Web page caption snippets
· · · · · · ·

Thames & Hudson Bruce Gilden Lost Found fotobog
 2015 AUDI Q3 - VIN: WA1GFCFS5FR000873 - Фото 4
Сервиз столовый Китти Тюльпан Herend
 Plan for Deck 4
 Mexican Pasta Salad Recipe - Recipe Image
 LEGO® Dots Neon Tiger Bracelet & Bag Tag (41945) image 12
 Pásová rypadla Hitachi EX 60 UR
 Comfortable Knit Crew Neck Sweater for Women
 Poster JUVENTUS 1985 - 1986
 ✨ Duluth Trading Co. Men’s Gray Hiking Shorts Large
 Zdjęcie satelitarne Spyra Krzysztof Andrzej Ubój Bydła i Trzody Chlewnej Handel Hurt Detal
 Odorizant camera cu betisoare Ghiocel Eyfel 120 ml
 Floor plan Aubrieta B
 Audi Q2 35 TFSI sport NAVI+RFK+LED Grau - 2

· · · · · · ·

• _WHAT IS REQUIRED_
Print every record above once more, exactly as written.

• _TASK RESULT_
Thames & Hudson Bruce Gilden Lost Found fotobog
 2015 AUDI Q3 - VIN: WA1GFCFS5FR000873 - Фото 4
Сервиз столовый Китти Тюльпан Herend
 Plan for Deck 4
 Mexican Pasta Salad Recipe - Recipe Image
 LEGO® Dots Neon Tiger Bracelet & Bag Tag (41945) image 12
 Pásová rypadla Hitachi EX 60 UR
 Comfortable Knit Crew Neck Sweater for Women
 Poster JUVENTUS 1985 - 1986
 ✨ Duluth Trading Co. Men’s Gray Hiking Shorts Large
 Zdjęcie satelitarne Spyra Krzysztof Andrzej Ubój Bydła i Trzody Chlewnej Handel Hurt Detal
 Odorizant camera cu betisoare Ghiocel Eyfel 120 ml
 Floor plan Aubrieta B
 Audi Q2 35 TFSI sport NAVI+RFK+LED Grau - 2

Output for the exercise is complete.